### TASK BRIEF
From the first line to the last, set down the material exactly and drop every picture.

### DATA PROVIDED
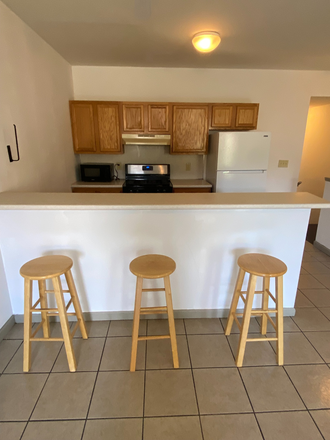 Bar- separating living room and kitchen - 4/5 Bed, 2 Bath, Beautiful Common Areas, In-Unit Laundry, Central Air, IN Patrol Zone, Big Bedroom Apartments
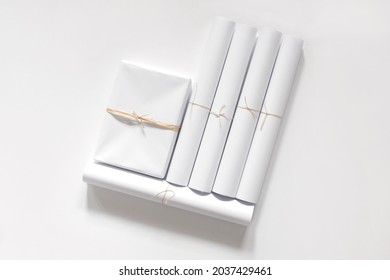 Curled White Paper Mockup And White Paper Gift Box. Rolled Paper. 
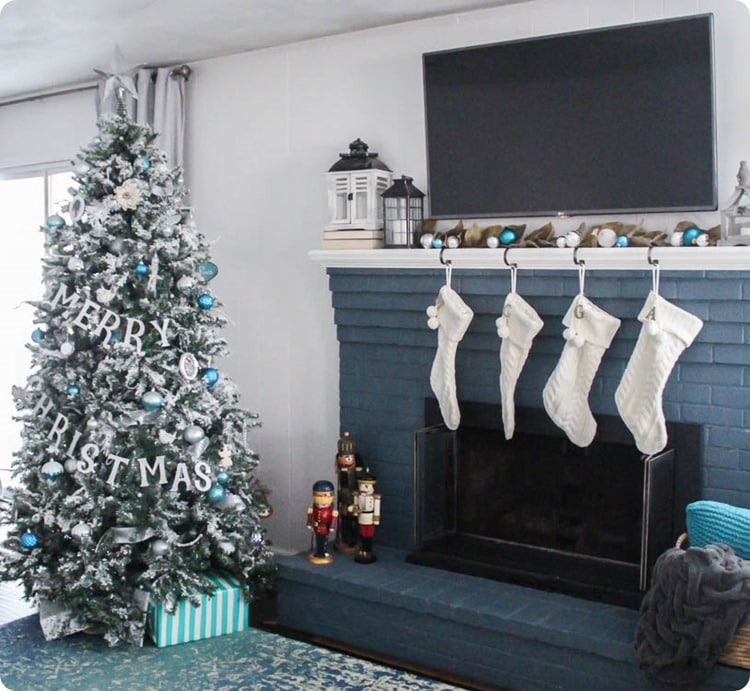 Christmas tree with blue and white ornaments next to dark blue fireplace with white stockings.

### ANSWER SPACE
 Bar- separating living room and kitchen - 4/5 Bed, 2 Bath, Beautiful Common Areas, In-Unit Laundry, Central Air, IN Patrol Zone, Big Bedroom Apartments
 Curled White Paper Mockup And White Paper Gift Box. Rolled Paper. 
 Christmas tree with blue and white ornaments next to dark blue fireplace with white stockings.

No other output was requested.